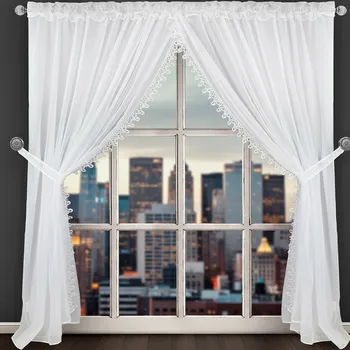 Záclona Dekorační záclona CATERINA LONG bílá 400x250 cm MyBestHome CENA JE ZA PRAVÝ A LEVÝ ŠÁL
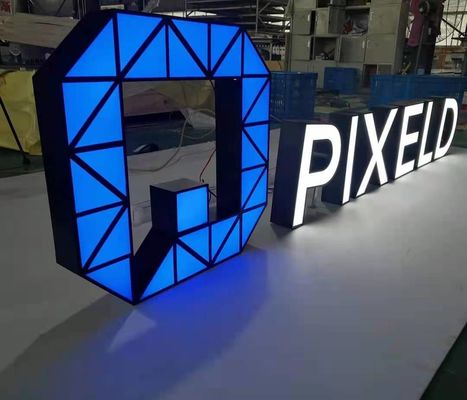 Hintergrundbeleuchtete Metallbuchstaben speichern vorderen Stärke-Geschäfts-Dekor des Zeichen-10cm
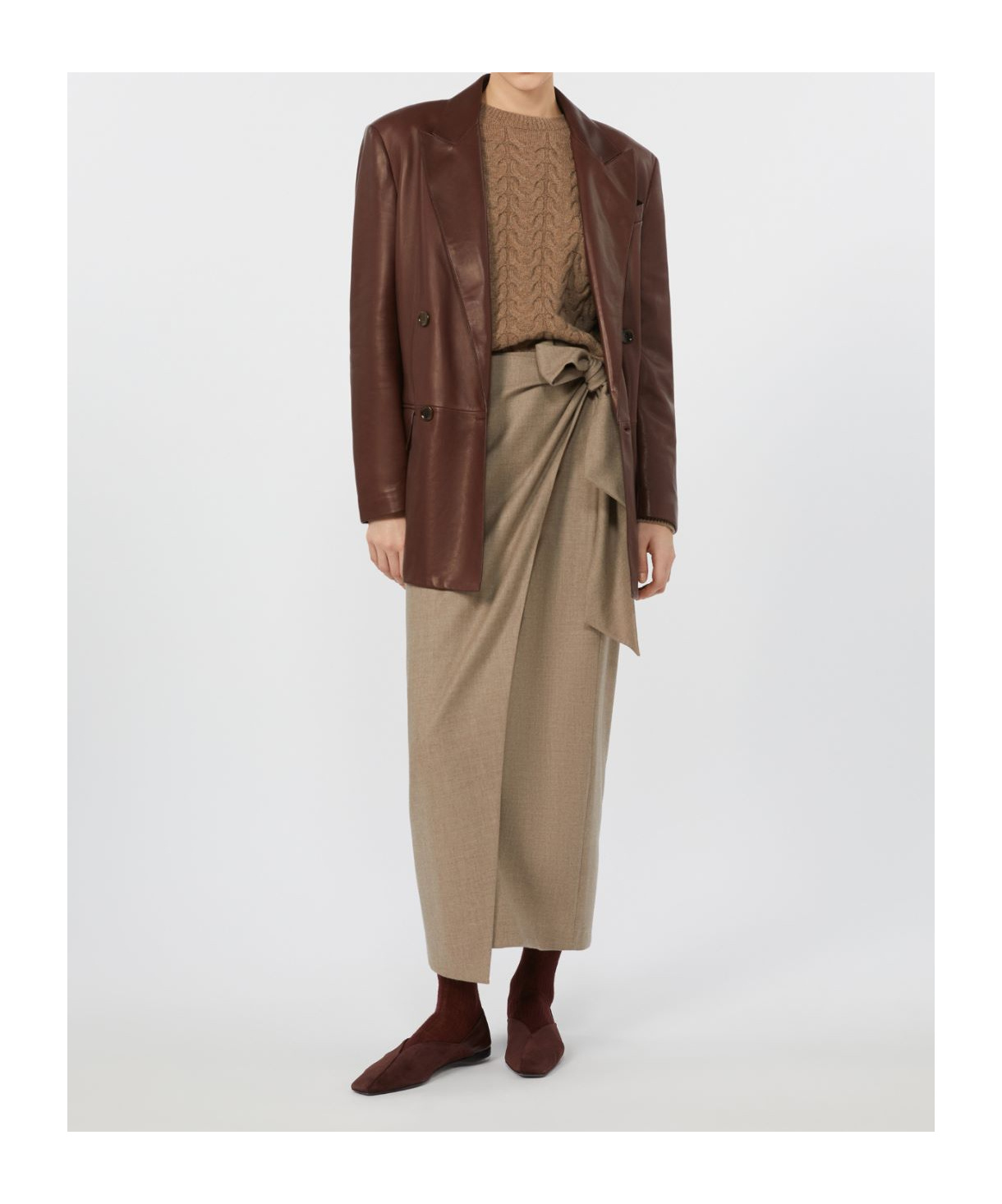 Max Mara Nappa Leather Olimpia Jacket In Brown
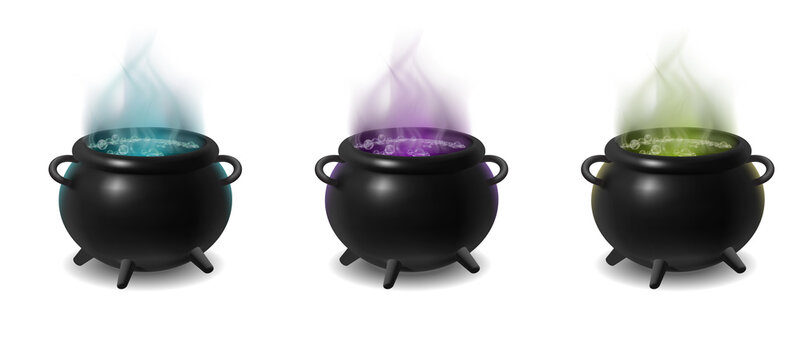 3d realistic icon. Black witch cauldrons on campfire with wood with inside magical bubling green, purple, blue potion. Isolated on white background.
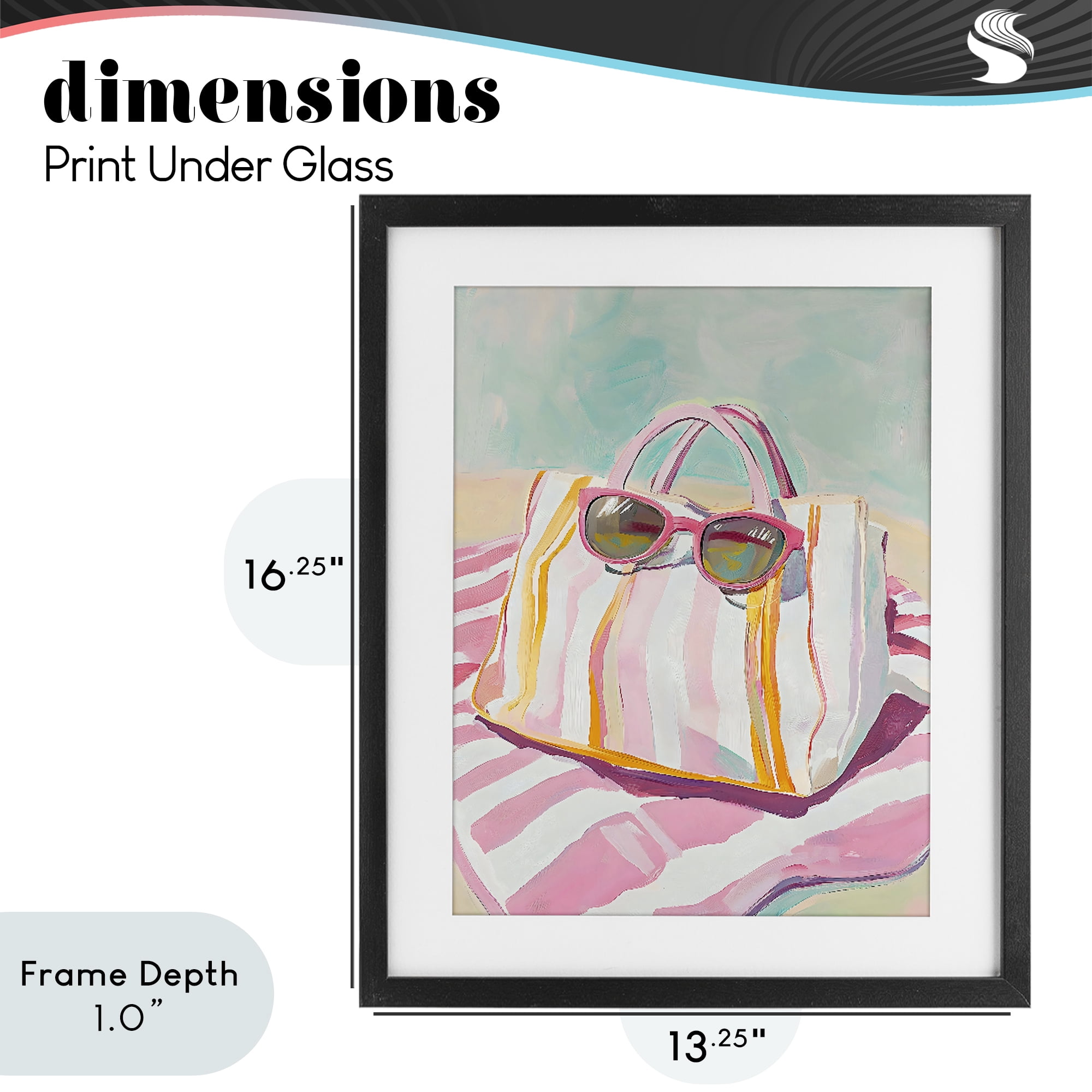 Stupell Industries Beach Bag & Sunglasses Black Framed Print Under Glass, design by The Prints Vibe
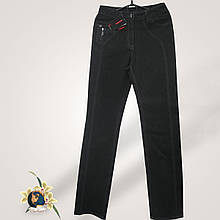 Джинси жіночі прямі з високою посадкою Таллас чорного кольору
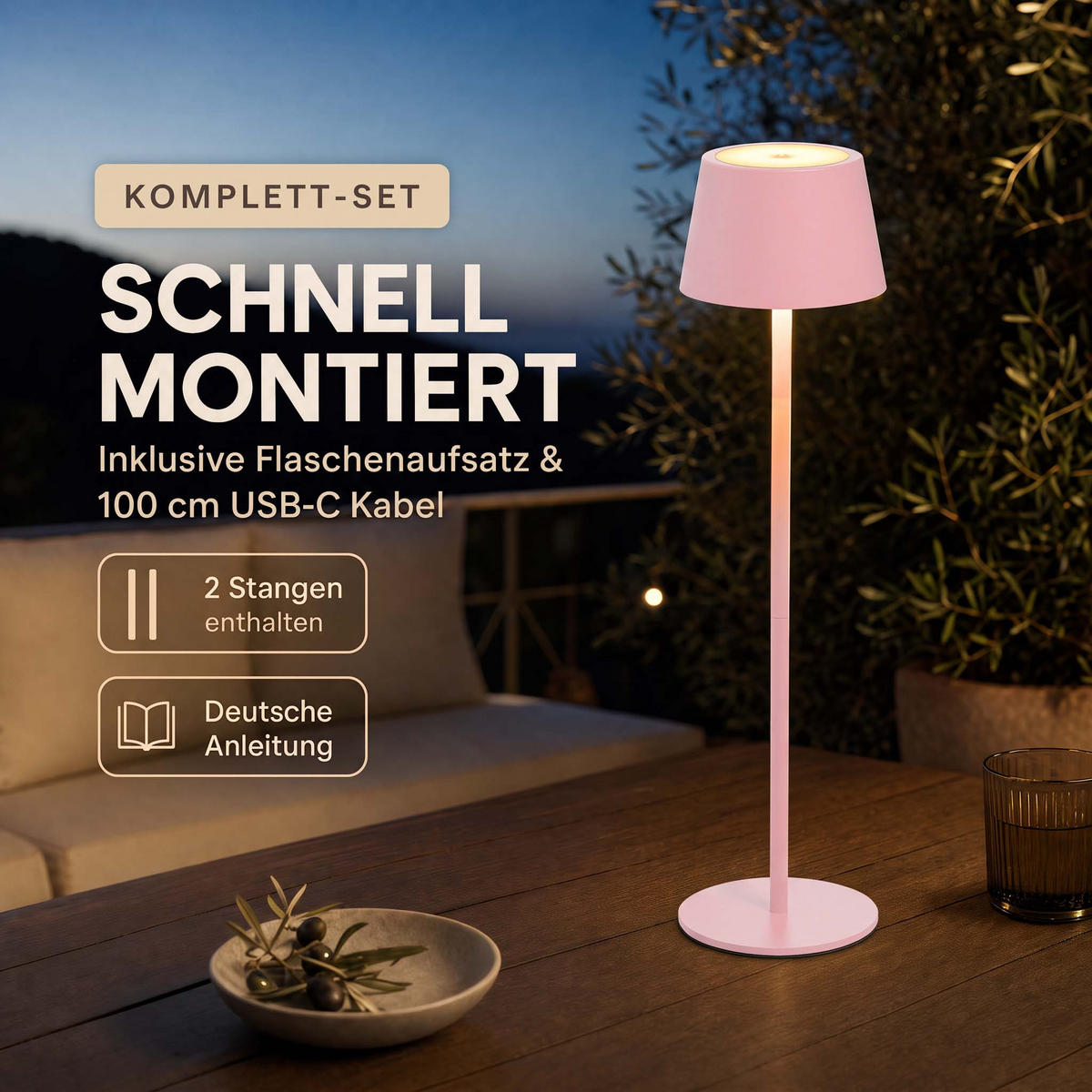 LED-TISCHLAMPE 3 in 1 Pink max. 45cm hoch - Pink, Kunststoff (11/11/45cm) - Northpoint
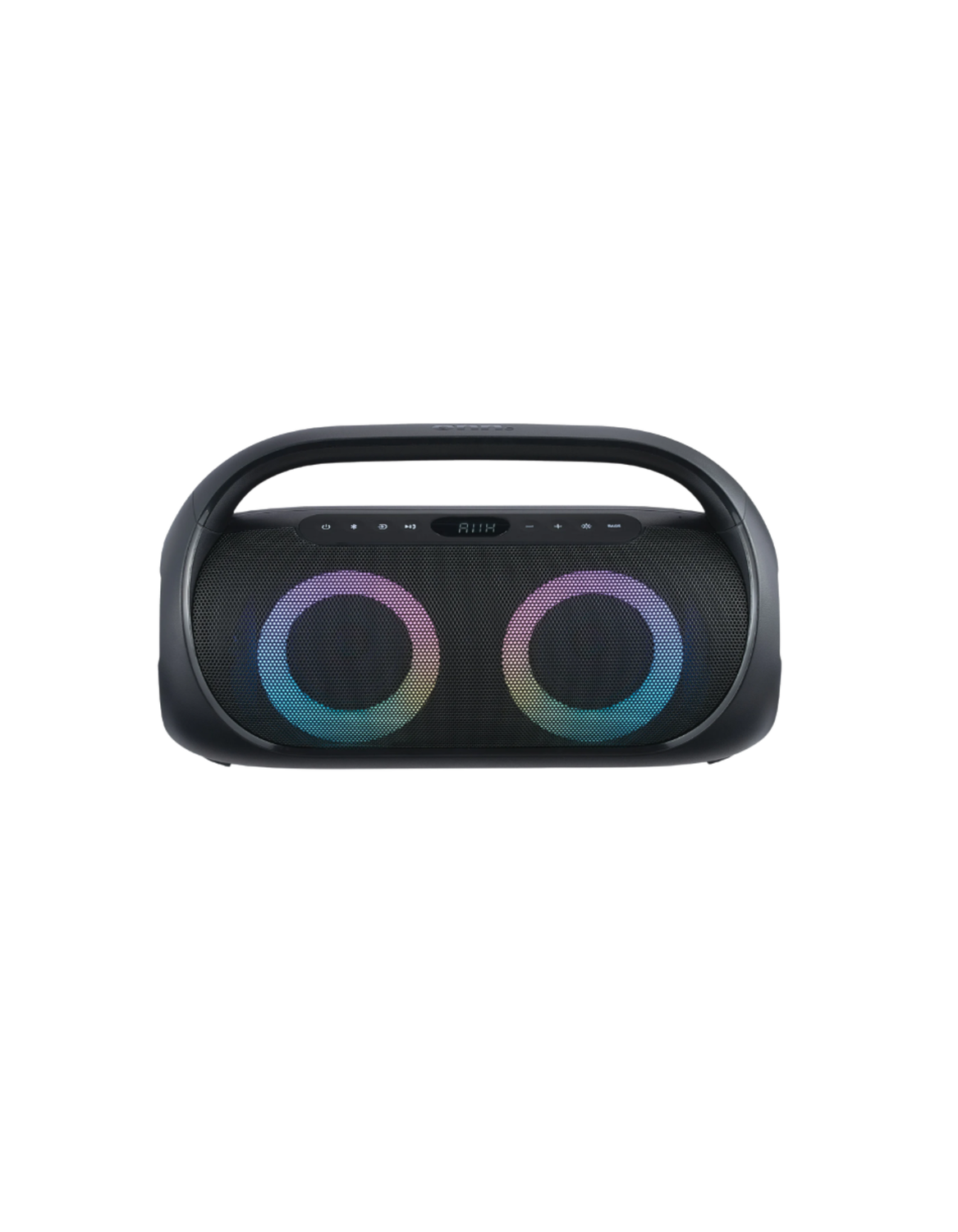 onn. Portable FM Boombox with Bluetooth &amp; LED Lighting - Black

+ + +

Task details: Line by line, retype the records above exactly, minus the images.

Result:
 Záclona Dekorační záclona CATERINA LONG bílá 400x250 cm MyBestHome CENA JE ZA PRAVÝ A LEVÝ ŠÁL
 Hintergrundbeleuchtete Metallbuchstaben speichern vorderen Stärke-Geschäfts-Dekor des Zeichen-10cm
 Max Mara Nappa Leather Olimpia Jacket In Brown
 3d realistic icon. Black witch cauldrons on campfire with wood with inside magical bubling green, purple, blue potion. Isolated on white background.
 Stupell Industries Beach Bag & Sunglasses Black Framed Print Under Glass, design by The Prints Vibe
 Джинси жіночі прямі з високою посадкою Таллас чорного кольору
 LED-TISCHLAMPE 3 in 1 Pink max. 45cm hoch - Pink, Kunststoff (11/11/45cm) - Northpoint
 onn. Portable FM Boombox with Bluetooth &amp; LED Lighting - Black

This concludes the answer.